Start of Dataset excerpts
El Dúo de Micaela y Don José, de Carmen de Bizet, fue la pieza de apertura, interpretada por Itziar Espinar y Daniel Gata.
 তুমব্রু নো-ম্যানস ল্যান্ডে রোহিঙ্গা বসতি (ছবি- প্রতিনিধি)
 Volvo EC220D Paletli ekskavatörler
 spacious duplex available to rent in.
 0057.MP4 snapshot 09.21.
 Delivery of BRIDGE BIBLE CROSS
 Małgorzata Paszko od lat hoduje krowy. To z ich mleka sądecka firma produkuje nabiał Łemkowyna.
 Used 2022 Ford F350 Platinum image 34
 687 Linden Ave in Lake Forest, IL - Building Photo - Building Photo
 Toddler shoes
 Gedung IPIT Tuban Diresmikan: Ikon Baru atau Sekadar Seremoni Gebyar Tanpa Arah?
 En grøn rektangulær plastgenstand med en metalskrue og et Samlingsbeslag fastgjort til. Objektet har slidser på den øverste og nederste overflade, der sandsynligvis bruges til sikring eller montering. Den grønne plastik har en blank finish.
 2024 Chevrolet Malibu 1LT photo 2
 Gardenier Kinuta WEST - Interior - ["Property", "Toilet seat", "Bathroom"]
End of Dataset excerpts
**Assignment**:
Please output all of the entries without changing a single character.

**Result of this exercise**:
El Dúo de Micaela y Don José, de Carmen de Bizet, fue la pieza de apertura, interpretada por Itziar Espinar y Daniel Gata.
 তুমব্রু নো-ম্যানস ল্যান্ডে রোহিঙ্গা বসতি (ছবি- প্রতিনিধি)
 Volvo EC220D Paletli ekskavatörler
 spacious duplex available to rent in.
 0057.MP4 snapshot 09.21.
 Delivery of BRIDGE BIBLE CROSS
 Małgorzata Paszko od lat hoduje krowy. To z ich mleka sądecka firma produkuje nabiał Łemkowyna.
 Used 2022 Ford F350 Platinum image 34
 687 Linden Ave in Lake Forest, IL - Building Photo - Building Photo
 Toddler shoes
 Gedung IPIT Tuban Diresmikan: Ikon Baru atau Sekadar Seremoni Gebyar Tanpa Arah?
 En grøn rektangulær plastgenstand med en metalskrue og et Samlingsbeslag fastgjort til. Objektet har slidser på den øverste og nederste overflade, der sandsynligvis bruges til sikring eller montering. Den grønne plastik har en blank finish.
 2024 Chevrolet Malibu 1LT photo 2
 Gardenier Kinuta WEST - Interior - ["Property", "Toilet seat", "Bathroom"]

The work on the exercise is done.